Acho que a Clarice Lispector também viu desabar uns pedaços de si com a chegada das chuvas, das enchentes. Então disse "até cortar os próprios defeitos pode ser perigoso. Nunca se sabe qual é o defeito que sustenta nosso edifício inteiro."

Não sabem, por exemplo, que eu mesma nunca me perdôo e só consigo perdoar os outros depois que os deixo ir. As mesmas notas que me massacram fazem as vezes de antídodos e me purificam. No começo, eu costumava me perguntar se viam a inconsistência contida em qualquer coisa, que nunca estiveram ali se um dia vão deixar de estar, que o tempo é uma mentira mal contada e que a felicidade é como um bicho fugidio, um gato selvagem que se aproxima, se deixa acariciar e depois engole a mão que lhe amacia.

Mas, até que eu chegasse a brincar com tigres, rir das bobagens do tempo e enxergar o que, das coisas, nunca deixa de estar... bom, é só dizer que já fui muito triste e não tenho, para contar, nenhuma grande catástrofe. Não é de hoje que vivo trancada em quartos, como a borboleta que nunca eclodiu.

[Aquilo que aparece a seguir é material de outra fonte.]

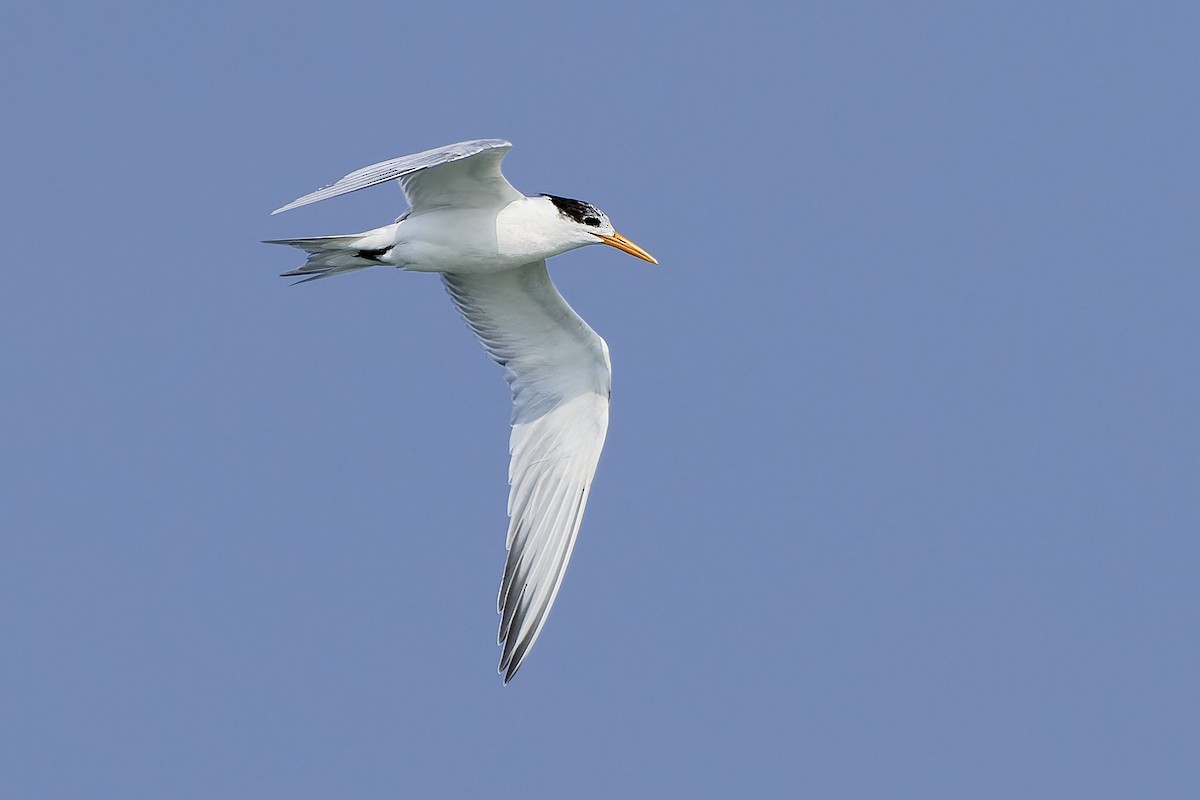 Lesser Crested Tern - ML554992111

Só se impressionam com a minha frieza os que conheceram meus arroubos de afeto, mas se impressionam porque não contam o tempo como eu conto. Eu não gosto de perdê-lo com bobagens, gosto de ganhá-lo com felicidade, de recheá-lo com as coisas que ficam. Umas vezes que só precisei de um abraço, coisa que nem custa dinheiro, ouvi as coisas mais estúpidas e porque chorei os olhos fora, me chamaram de lunática. Depois, quando mal lhes lembro o nome, me chamam de friática, mas quanto tempo acham que eu poderia suportar chorar às bicas? Sabe-se lá o que isso custa a um corpo humano? Não sabem que cada adeus irreversível me manteve viva mais um tempo e que, de outra forma, eu não saberia perdoar.

Por final, por esse lado, é ótimo ser muito orgulhosa e distante e, por isso mesmo, ter pactuado ir até o final da vida, mesmo sem achar que tenho qualquer das coisas que se exige para tanto. A começar por isso que acaba de ser dito, de não ter confiança sequer de que eu possa ir muito longe. Só posso então me orgulhar de ter chegado aos trinta. Até mesmo a vida parece ter se impressionado porque resolveu me presentear com o mais bonito dos amores. Agradeço de bom grado, mas ainda estamos aqui vida, você, eu, nosso pacto.

Também por ter sempre ficado na companhia dessas coisas que não se entende, vê-las me inundar de agonias chorosas, vê-las levar um tanto bom de meu tempo e inchar meus olhos, talvez por isso eu tenha aprendido que há o que se aprenda mas não se ensine nunca. Eu por exemplo sei que de nada se sente tanta falta quanto da felicidade, nada é mais triste do que vê-la partir para dar lugar a dias cinzas. O que não consigo ensinar é que não é tão difícil assim fazê-la ficar. Umas vezes, só é preciso um abraço.